Exercise brief: Could you copy exactly the lines below from the one with "honda fit 2011" to the one with "Imagem 9: Londrina", inclusive, leaving out any pictures?

Material for this exercise:
_ _ _ _ _ _ _
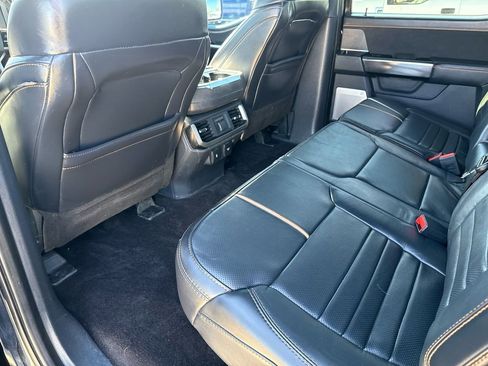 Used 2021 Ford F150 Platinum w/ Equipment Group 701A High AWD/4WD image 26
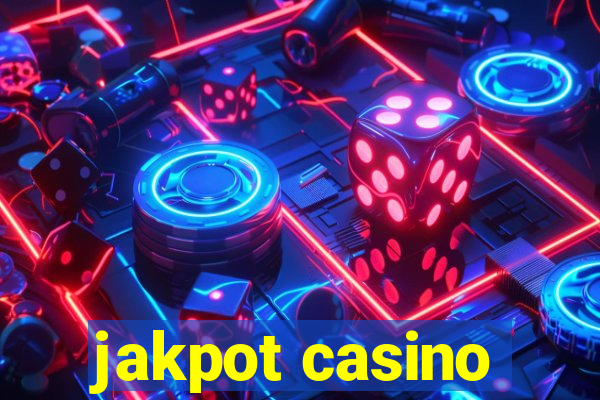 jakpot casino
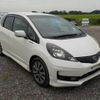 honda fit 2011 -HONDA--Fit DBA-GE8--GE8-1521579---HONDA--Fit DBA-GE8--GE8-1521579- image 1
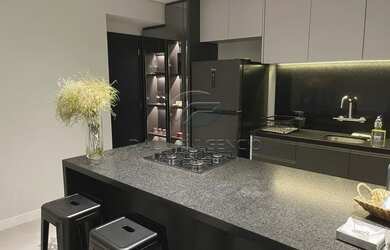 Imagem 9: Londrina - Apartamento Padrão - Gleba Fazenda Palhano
_ _ _ _ _ _ _
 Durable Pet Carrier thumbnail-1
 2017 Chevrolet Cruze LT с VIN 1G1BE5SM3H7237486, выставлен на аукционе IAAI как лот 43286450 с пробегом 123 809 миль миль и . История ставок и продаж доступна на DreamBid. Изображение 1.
_ _ _ _ _ _ _
Reply to the exercise:
 honda fit 2011 -HONDA--Fit DBA-GE8--GE8-1521579---HONDA--Fit DBA-GE8--GE8-1521579- image 1
 Imagem 9: Londrina - Apartamento Padrão - Gleba Fazenda Palhano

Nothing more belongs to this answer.